Ровно в три часа из внутренних помещений входил в гостиную Воронцов-Дашков, а затем он, в торжественном окружении, появлялся в дверях портретного зала.
Громкий ответ казаков на приветствие наместника. Все вытягиваются в струнку. У просителей, истомленных пятичасовым ожиданием, спирает в зобу дыхание.
Граф подходит к первому в очереди. Рядом с ним — директор канцелярии с карандашом в руках, готовый записывать приказания наместника. За ними — толпа начальства и свита. А за спину просителей заходят два-три расторопных казака: они зорко следят, не сделает ли проситель подозрительного движения…
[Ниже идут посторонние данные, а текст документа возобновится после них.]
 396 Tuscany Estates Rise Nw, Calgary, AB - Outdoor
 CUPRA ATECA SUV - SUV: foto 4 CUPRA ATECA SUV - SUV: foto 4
Наместник берет прошение. К разочарованию просителя, он вовсе не читает подготовленной литературы, где «все изложено», а лишь читает заготовленную надпись карандашом, поясняющую кратко, в чем дело.
Проситель начинает излагать все от себя. Наместник, не слушая, протягивает прошение директору канцелярии, который здесь же дает краткую справку по делу. Справка эта является решающей, и просителю предлагают зайти завтра в канцелярию наместника по его делу, то есть сделать то, с чего ему следовало начать, или же просто отказывают в просьбе.
Разочарованные просители уходили, а на следующий прием на их место являлись десятки других.
Впрочем, некоторые добивались своего и здесь, действуя назойливостью. Иной раз какая-нибудь особа так надоест своими регулярными появлениями по одному и тому же делу на каждый прием, что ее желание исполняется, только чтобы она отвязалась.
На одном из приемов, когда я сопровождал наместника, вместо директора, — какая-то молодая особа обратилась к графу по-французски. Среди серой очереди просителей это было не совсем обычно, и граф стал внимательно слушать, задавая просительнице вопросы:
Она — швейцарка, француженка. Служила в Ташкенте гувернанткой. Теперь возвращается на родину, но нуждается в деньгах, которых и просит у наместника. Обратилась, было, она к генерал-губернатору, но он так раскричался на нее, что:
— Je ne savais pas, est-ce un officier ou un chien![501]
Граф, слушавший до сих пор участливо, бровью не дрогнул. Молча протянул ей назад прошение. И, не видя ее более, обратился к следующему просителю.